Für etwas mehr Klarheit sollen „Social-Media-Richtlinen“ sorgen, die etwa Firmen für ihre Mitarbeiter entwickeln. „Trennen Sie zwischen dienstlicher und privater Nutzung“, heißt es in der Richtlinie der Stadt. „Für Aktivitäten, die (...) der beruflichen Vernetzung oder der Öffentlichkeitsarbeit dienen, sollte in der Regel entsprechend dienstliche Accounts genutzt werden.“ Genau das habe der Senatssprecher aber nicht getan, moniert CDU-Mann Heinemann.

Holstein ging sofort in die Gegenoffensive – bei Facebook. „Mein Facebook-Freund Robert Heinemann befragt den Senat in einer Schriftlichen Kleinen Anfrage nach den Facebook-Aktivitäten des Senatssprechers bzw. der Privatperson C. H.“, schrieb er dort. „Ich würde gern wie gewohnt humorvoll antworten, fürchte aber, das wird mir nicht erlaubt. Na, dann eben nicht.“

Das Echo war enorm: Bald war der Vorgang vielfach kommentiert.

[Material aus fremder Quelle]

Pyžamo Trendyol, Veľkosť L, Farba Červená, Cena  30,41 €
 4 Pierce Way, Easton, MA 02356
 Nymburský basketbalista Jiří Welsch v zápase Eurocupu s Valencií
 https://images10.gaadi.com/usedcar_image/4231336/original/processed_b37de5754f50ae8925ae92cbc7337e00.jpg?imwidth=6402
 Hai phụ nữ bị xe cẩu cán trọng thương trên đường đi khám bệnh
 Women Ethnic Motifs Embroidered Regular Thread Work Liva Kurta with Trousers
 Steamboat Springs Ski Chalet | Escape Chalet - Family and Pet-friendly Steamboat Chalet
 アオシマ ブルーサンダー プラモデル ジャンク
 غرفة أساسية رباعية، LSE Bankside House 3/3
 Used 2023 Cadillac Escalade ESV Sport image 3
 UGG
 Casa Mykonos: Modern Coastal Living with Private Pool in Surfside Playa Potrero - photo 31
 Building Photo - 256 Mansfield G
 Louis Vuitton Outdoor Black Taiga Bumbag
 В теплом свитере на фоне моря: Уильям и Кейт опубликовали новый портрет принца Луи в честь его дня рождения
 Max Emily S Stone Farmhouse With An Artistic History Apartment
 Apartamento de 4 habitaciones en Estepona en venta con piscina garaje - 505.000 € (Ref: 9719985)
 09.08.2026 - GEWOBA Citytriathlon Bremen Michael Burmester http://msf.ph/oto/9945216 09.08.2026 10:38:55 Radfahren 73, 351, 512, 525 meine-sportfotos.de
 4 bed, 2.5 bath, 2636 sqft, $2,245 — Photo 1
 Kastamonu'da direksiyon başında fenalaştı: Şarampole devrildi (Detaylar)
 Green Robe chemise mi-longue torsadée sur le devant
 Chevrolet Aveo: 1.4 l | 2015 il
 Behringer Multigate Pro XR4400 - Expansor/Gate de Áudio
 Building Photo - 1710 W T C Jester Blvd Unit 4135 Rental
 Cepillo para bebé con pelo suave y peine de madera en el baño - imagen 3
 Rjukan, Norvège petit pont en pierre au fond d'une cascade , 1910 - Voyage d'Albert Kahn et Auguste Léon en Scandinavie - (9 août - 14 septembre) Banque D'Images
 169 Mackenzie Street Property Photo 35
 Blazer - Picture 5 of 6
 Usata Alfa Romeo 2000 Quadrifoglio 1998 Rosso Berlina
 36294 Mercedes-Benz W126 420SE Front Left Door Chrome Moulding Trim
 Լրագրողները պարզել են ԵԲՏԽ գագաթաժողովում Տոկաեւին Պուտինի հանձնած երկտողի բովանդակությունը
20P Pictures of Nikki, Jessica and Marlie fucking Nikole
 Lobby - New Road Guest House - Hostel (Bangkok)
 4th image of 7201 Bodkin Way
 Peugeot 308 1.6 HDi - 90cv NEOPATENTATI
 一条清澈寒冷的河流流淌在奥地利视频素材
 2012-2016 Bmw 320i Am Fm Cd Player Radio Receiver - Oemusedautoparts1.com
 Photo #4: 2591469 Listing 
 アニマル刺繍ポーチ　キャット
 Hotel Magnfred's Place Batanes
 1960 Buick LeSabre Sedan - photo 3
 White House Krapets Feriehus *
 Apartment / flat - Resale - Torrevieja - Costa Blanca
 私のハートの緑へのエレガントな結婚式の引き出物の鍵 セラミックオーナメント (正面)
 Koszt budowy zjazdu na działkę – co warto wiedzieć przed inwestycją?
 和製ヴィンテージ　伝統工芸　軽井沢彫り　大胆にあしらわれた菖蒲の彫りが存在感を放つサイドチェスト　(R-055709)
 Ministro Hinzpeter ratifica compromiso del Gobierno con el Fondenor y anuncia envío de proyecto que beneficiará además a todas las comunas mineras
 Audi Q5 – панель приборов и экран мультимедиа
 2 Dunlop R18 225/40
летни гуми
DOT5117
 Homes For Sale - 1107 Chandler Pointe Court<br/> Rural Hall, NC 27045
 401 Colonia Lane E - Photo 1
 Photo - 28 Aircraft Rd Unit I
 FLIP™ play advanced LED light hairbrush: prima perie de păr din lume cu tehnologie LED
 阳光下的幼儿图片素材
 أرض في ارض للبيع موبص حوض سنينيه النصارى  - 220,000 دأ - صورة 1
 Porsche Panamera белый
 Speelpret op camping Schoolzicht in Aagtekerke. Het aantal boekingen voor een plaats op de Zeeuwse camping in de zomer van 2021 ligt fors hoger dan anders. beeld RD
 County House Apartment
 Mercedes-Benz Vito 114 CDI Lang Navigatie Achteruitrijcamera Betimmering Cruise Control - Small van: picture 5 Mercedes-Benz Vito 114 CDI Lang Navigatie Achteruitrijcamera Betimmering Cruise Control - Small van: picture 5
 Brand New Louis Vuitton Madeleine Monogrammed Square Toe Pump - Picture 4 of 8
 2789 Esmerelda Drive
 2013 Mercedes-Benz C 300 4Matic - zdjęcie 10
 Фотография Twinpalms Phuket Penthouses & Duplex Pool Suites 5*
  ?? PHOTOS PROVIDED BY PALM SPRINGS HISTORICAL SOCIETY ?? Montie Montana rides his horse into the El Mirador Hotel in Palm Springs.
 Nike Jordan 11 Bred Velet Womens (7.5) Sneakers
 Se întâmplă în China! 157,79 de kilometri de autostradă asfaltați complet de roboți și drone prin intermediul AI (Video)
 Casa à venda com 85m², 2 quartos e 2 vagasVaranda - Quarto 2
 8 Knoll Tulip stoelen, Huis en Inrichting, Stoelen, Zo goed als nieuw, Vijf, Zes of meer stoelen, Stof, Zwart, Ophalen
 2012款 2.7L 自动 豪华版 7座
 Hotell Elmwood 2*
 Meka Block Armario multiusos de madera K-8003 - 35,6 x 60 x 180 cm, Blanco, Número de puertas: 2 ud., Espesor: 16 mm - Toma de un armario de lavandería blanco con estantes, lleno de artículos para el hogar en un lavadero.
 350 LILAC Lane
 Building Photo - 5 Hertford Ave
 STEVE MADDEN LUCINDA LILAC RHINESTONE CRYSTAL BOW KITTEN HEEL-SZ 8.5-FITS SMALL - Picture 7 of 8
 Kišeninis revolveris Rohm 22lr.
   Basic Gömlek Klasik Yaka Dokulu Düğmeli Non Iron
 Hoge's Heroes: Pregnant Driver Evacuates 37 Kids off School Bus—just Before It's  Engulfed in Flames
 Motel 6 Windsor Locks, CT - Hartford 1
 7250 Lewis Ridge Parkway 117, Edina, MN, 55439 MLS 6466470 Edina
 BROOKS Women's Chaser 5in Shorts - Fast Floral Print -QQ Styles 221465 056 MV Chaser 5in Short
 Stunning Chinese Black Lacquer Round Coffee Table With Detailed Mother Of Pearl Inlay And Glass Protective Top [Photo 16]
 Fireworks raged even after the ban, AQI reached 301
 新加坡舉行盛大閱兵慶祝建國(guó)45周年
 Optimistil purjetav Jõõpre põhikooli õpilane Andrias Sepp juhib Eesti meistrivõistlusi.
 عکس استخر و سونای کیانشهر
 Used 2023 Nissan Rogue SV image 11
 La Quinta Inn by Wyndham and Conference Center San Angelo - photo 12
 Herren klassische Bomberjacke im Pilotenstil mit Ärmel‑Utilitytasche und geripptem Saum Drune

Heinemann zog dabei den Kürzeren. Er sei eine „Spaßbremse“ und betreibe „Erbsenzählerei“, hieß es . Eine Kommentatorin postete: „Meine PRIVAT-Meinung: kein Handlungsbedarf, kein FB-Verbot für C.H.“ Wie das Ganze gewohnt seriös von der Verwaltung beurteilt wird, erfährt die Öffentlichkeit in der kommenden Woche – auf welchem Weg auch immer. Dann muss der Senat die Anfrage der CDU beantworten.